I'm currently making an android application that reads data from an hydrometer that sends it via Bluetooth serial. But when I connect to it, it doesn't send anything, probably expecting control commands to be inputted.
Is it legal to use those commands or should I ask for them to the vendor?
In case of that being legal, my idea is to connect an already functioning android app for the device to my laptop and listen for those commands. Is that common practice? Is it possible for that to be successful?

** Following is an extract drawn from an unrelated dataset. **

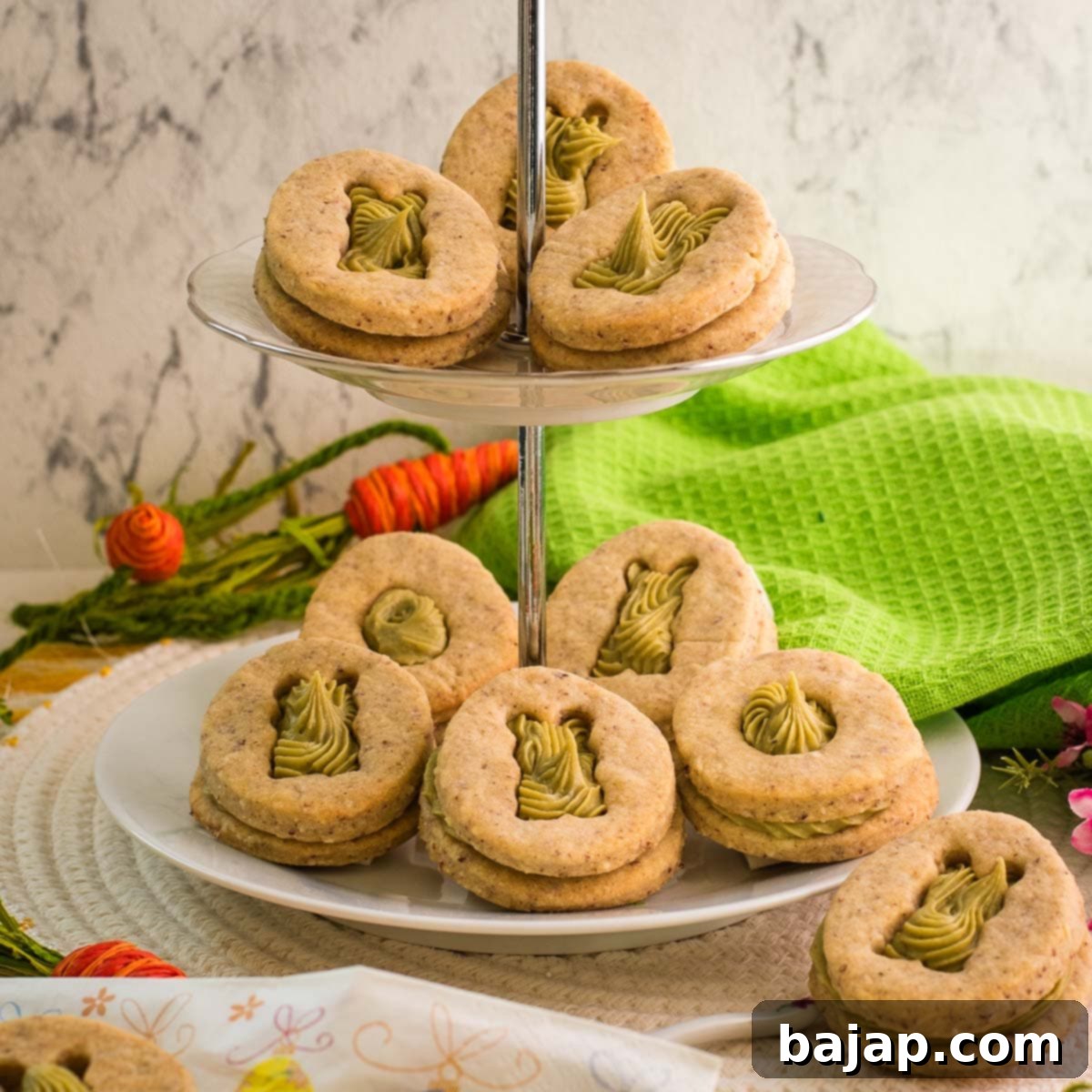 Egg-free cut-out cookies topped with rich pistachio ganache, a perfect treat for celebrations.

In case of that being illegal and I should contact the vendor, how common is it for them to give them for free or sell them?

Best Answer

Disclaimer

I'm not a lawyer, but I am a tech-sector executive that deals with this issue regularly.

It's copyright, not DMCA

You are just figuring out (reverse-engineering) their API (e.g. Bluetooth command set) and then using it with your own program. Up until 2014, this was a widely recognized and protected safe practice. API's were considered to be ineligible for patent or copyright protections.

That all changed with Oracle's victory in its case against Google (Oracle v. Google). The courts ruled in Oracle's favor effectively reversing over 50 years of precedent and allowing API's to be copyrighted. An appeal to the US Supreme Court in 2015 was summarily rejected, forcing the case back to a lower court -- so still somewhat up in the air.

After losing on the "copyrights shouldn't apply to API's" argument, Google fell back to the Fair Use Doctrine as a defense and is expected to prevail. The problem is that now the burden shifts to the user to prove fair use.

In your case, you might argue:

  • The use enables the creation of new technologies
  • You are using an insignificant percentage of the API
  • Your use is commentary on the API's design and application to wider purposes
  • Your use is educational for yourself or other developers

Practically... just do it

If you're not going to sell (or otherwise profit) from your project, then you are basically at near-zero risk. No one in their right mind would sue you over this. Worst-case, they'll just ask you to stop -- and if you do, the problem goes away.

Even if you are going to sell your project, since it helps sell their hardware, they will be strongly incentivised to leave you alone (assuming your sales don't cannibalize theirs).